Lazer birçok nedenden dolayı çok ideal bir tedavi yöntemidir.
Kesme- dikme yok
Çünkü kuyruk sokumunda herhangi bir kesme ve doku çıkarma işlemi yapmıyoruz. Sadece ince bir lazer iğnesi ile delikten kıl dönmesi kesesi içine girerek kese duvarını yakıyoruz ve çıkıyoruz. İşlem toplam 5-10 dakika arası sürüyor.
Anesteziye gerek yok
Hastaların genel veya spinal anesteziye ihtiyacı olmamaktadır. Sadece hastanın isteği dahilinde sedasyon dediğimiz kendinden geçirme yöntemi ve lokal anestezi ile işlemi rahatlıkla yapabiliyoruz. Bazı hastalarımızı poliklinik şartlarında müdahalesini yapıp evine gönderiyoruz.
Ağrı yok
İşlem sırasında yaptığımız özel teknik lokal anestezi sayesinde hastalar ağrı olabilecek günleri çok rahat geçirmektedir. Ayrıca doku kaybı olmadığı için de ağrı süreleri kısalmaktadır.

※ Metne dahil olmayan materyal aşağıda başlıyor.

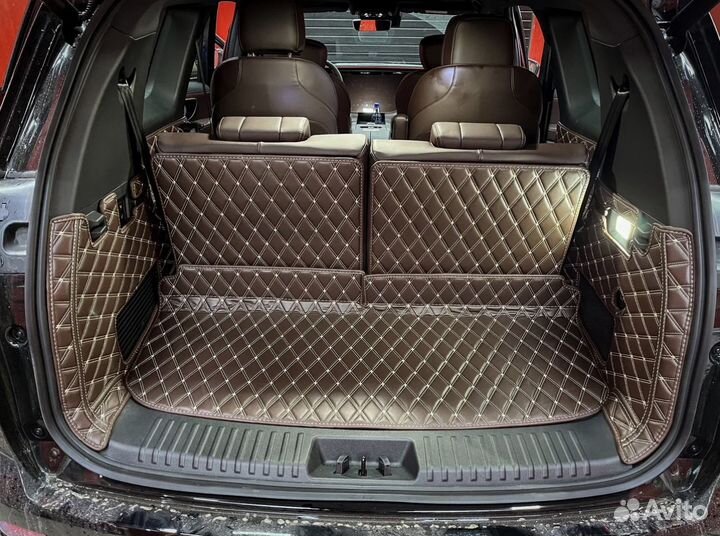 3Д коврики в багажник Exeed VX 2024 6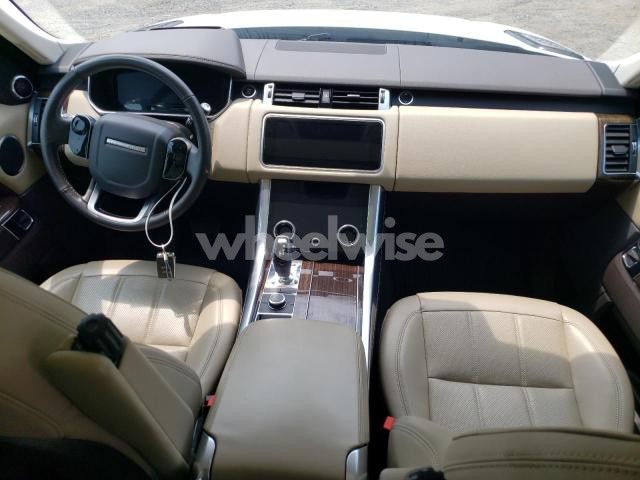 Photo 5 of 2019 LAND ROVER RANGE ROVER SPORT HSE (VIN SALWR2RV8KA814865)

Pansuman yok kısıtlama yok
Hastaların takip eden günlerde pansuman ihtiyacı olmamaktadır. İşlem ertesi gün hasta banyosunu yapabilmektedir. Ayrıca yeme içme kısıtlaması olmadığı gibi çalışma ve spor aktiviteleri gibi günlük hayatta da kısıtlama yapmıyoruz.
Hastanede yatış yok
Hastalarımızı işlem sonrası yaklaşık 2 saatlik bir takibin ardından evlerine sorunsuz bir şekilde gönderebiliyoruz.
İş gücü kaybı yok
İşlem sonrası hastalarımız devam eden gün işlerine başlayabilirler. Cerrahi tedavilerde bu süre 15-20 günü bulmaktadır.